Open Source

Kimi just published a paper replacing residual connections in transformers. results look legit

Kimi's drop-in replacement for residual connections boosts reasoning scores while adding under 2% latency.

Deep Dive

Moonshot AI, the company behind the Kimi chatbot, has published a research paper introducing 'Attention Residuals,' a novel architectural component designed to replace the standard residual connections that have been foundational to transformers since 2015. The core innovation addresses the 'dilution problem,' where information from earlier layers becomes progressively weaker as it passes through many additive residual connections. Instead of simply summing all previous layer outputs, Attention Residuals allow each new layer to use a learned attention mechanism to selectively weight and combine the outputs from all preceding layers. This enables the model to dynamically decide which earlier information is most relevant for the current computation.

Initial benchmark results are significant, showing improvements of 3 to 7.5 points on graduate-level exams, mathematical reasoning, and code generation. The team also developed a more efficient 'Block Attention Residual' variant, which groups layers into blocks, applying the new attention mechanism only between blocks. This version retains most of the performance benefit while keeping training overhead under 4% and inference latency increase below 2%, and even achieves roughly 1.25x compute savings. Crucially, the authors state the modification is a drop-in replacement for existing residual modules, requiring only a swap and retraining rather than a full architectural redesign.

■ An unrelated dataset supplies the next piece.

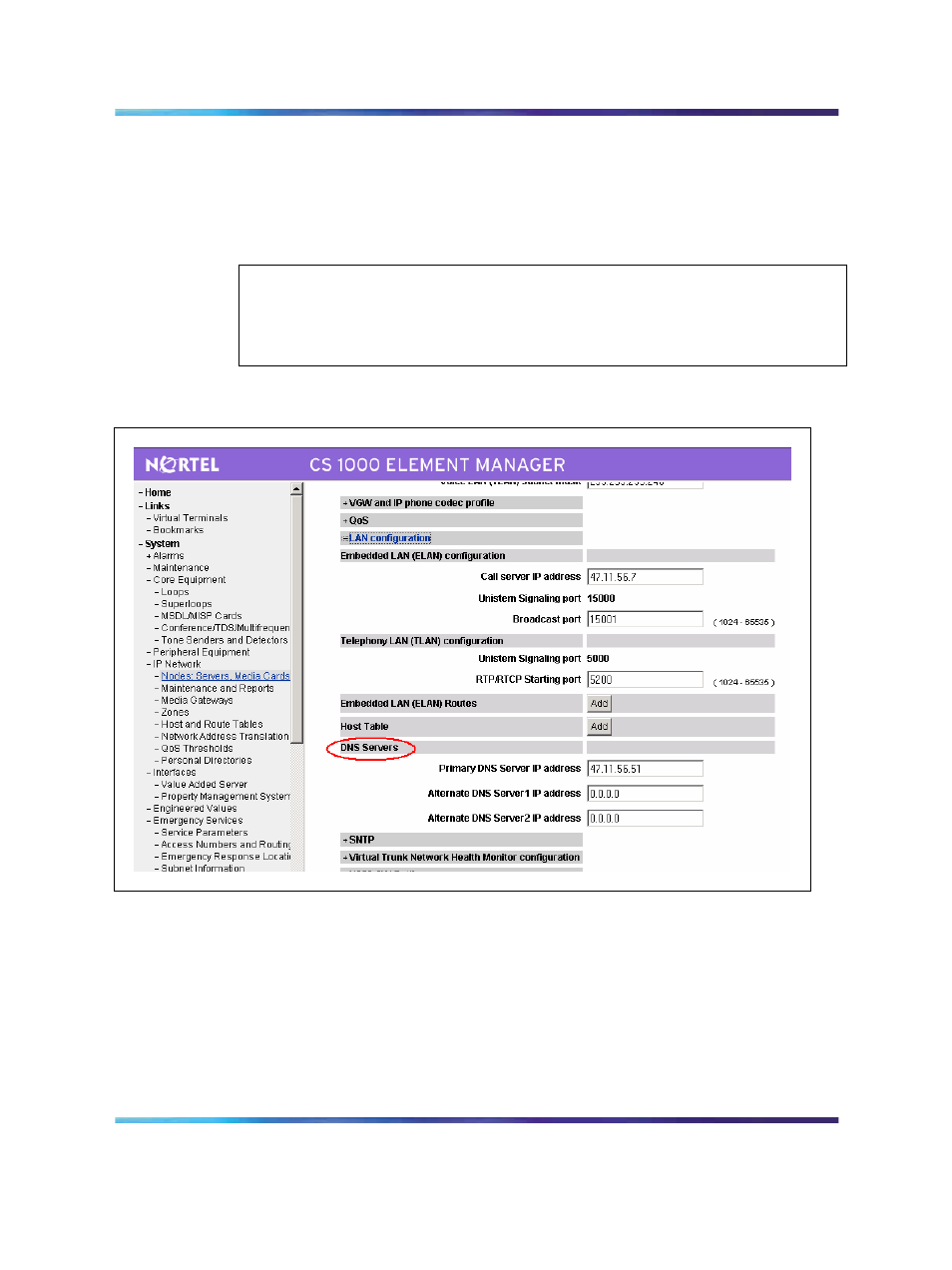 Sip trunk configuration, Figure 56 dns configuration, Attention | Nortel Networks NN43001-121 User Manual | Page 160 / 304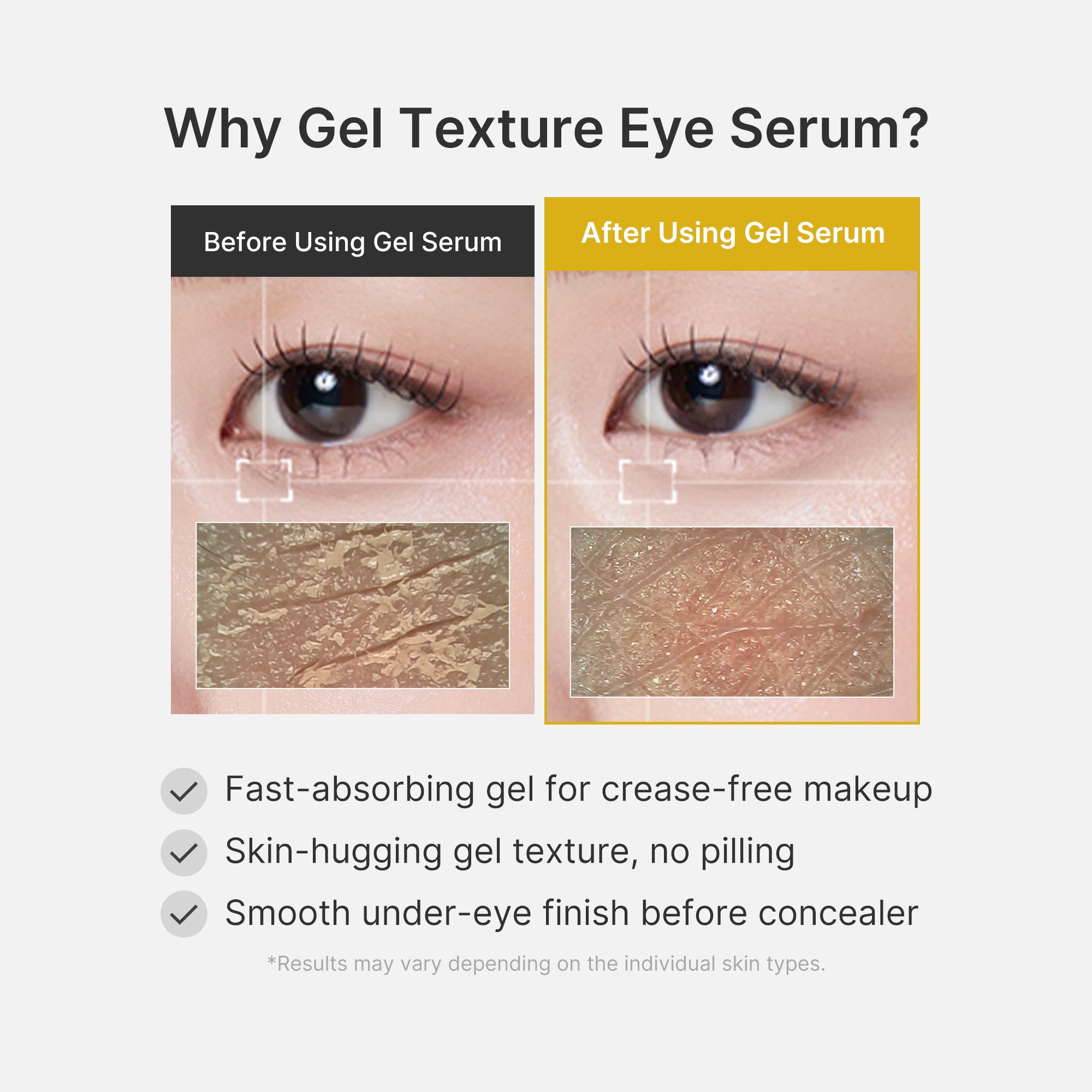 Kojic Acid Tumeric Eye Gel Serum Z3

The work enters an emerging field of rethinking transformer fundamentals, contrasting with other recent approaches like DeepSeek's mHC method, which adds parallel computation streams. Early analysis suggests Kimi's Attention Residuals require about one-sixth the memory bandwidth of DeepSeek's method while delivering similar or better results. As noted by AI researcher Andrej Karpathy, this suggests attention mechanisms may have broader applicability within transformer architectures than previously assumed. For the open-weight model community, successful adoption could mean meaningful quality gains from architectural innovation alone, without simply scaling parameter counts.

Key Points
  • Solves the 'dilution problem' in transformers by replacing additive residual connections with selective, learned attention between layers.
  • Shows 3-7.5 point improvements on reasoning benchmarks and ~1.25x compute savings with under 2% added inference latency.
  • Designed as a drop-in replacement, contrasting with more invasive architectural overhauls like DeepSeek's mHC approach.

Why It Matters

This could enable the next generation of open-weight models to be significantly more capable without increasing their size or computational cost.